Update: It has been revealed the UK's citizens face at least a decade of pain to pay off the debts from the banking bailout, according to a treasury minister. Lord Myners spoke candidly about how bad the situation is. And it contradicts what the prime minister Gordon Brown has said, when he called the banking bailout a temporary measure.
More disturbingly, Mervyn King, the head of the Bank of England, has spoken of the need for rule-breaking solutions to cope with the scale of economic damage done by the ten-year debt bubble.
The scale of damage to UK banking has some believing by year's end, the UK will only have two UK-quoted bank shares: HSBC and Standard Chartered. An article in the country's Independent newspaper has reported that all the country's banks are now insolvent: http://www.independent.co.uk/news/busin ... 18229.html
What is unknown at this point is how much Britain's young workers are willing to pay the price for this bailout, facing the prospect of earning a very weak pound, huge taxes and low salaries and benefits, until the overhang of debt is worked off.
The UK government announced a 'blank cheque' bailout of the country's banks yesterday, after its £37 billion bailout in October 2008 had failed to make the banks solvent and start lending again.
The currency then dropped to its lowest point in five years against the US dollar (it has hit a seven year low in trading today). A credit rating agency is considering downgrading the UK because its debts are soaring so quickly.
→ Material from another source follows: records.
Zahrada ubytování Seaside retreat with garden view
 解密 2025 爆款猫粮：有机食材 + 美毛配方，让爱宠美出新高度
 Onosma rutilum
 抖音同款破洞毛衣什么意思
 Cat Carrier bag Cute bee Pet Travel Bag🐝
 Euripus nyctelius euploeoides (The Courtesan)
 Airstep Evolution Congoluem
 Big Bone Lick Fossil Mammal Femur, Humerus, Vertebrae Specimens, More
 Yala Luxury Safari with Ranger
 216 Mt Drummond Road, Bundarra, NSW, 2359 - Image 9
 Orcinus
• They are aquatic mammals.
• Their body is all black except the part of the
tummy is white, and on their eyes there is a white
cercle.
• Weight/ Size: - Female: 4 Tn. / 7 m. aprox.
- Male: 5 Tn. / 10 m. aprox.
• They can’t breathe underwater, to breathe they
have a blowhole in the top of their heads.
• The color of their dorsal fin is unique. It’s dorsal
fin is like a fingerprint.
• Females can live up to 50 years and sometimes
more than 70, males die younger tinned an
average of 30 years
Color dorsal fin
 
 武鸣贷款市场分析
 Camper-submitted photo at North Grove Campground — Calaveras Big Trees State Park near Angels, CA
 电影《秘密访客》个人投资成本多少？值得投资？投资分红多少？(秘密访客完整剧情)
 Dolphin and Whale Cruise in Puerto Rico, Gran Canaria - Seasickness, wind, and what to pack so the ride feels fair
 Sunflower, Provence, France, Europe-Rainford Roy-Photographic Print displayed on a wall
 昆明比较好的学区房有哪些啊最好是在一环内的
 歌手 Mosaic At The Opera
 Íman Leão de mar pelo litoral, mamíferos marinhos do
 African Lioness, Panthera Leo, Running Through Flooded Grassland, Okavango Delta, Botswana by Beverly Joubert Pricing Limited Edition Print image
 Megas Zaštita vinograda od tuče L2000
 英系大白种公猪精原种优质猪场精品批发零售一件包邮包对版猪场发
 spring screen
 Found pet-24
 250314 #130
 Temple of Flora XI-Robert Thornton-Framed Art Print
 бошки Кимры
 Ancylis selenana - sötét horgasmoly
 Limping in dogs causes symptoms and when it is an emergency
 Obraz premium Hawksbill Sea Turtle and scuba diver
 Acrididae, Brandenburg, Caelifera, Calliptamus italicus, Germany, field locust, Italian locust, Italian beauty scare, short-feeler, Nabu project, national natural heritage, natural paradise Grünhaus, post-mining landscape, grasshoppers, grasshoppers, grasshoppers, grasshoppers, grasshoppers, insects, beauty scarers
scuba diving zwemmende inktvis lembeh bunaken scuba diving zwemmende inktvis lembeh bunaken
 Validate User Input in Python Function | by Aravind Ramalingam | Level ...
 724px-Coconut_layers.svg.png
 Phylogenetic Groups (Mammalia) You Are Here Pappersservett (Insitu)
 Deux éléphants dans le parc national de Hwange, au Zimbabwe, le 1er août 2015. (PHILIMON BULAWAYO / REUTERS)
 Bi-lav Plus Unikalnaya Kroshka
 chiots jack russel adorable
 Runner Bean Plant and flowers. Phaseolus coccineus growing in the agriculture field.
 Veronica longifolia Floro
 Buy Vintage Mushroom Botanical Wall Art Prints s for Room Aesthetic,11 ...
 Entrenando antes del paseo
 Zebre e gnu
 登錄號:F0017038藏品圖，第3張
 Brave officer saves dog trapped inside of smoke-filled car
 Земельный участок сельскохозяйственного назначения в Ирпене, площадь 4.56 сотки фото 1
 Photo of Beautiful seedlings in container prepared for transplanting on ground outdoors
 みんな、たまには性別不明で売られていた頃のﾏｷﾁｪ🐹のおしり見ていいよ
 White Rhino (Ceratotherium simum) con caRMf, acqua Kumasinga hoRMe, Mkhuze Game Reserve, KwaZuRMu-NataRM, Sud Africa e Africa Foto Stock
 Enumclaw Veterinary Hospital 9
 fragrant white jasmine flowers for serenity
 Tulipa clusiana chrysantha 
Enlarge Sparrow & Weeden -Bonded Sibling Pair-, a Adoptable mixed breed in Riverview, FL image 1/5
If this happens, it will mean the government will struggle to pay interest payments and convince global markets to buy UK debt.
Jim Rogers, the co-founder of Quantum fund with George Soros, today told Bloomberg News that “I would urge you to sell any sterling you might have. It's finished. I hate to say it, but I would not put any money in the UK.”
The UK's citizens are currently the most indebted per person in human history, even outstripping Americans. The size of the debts are so large, the government is considering printing money to help hyperinflate away the country's debts, using something called 'quantitative easing'. The Bank of England was given permission yesterday to do this.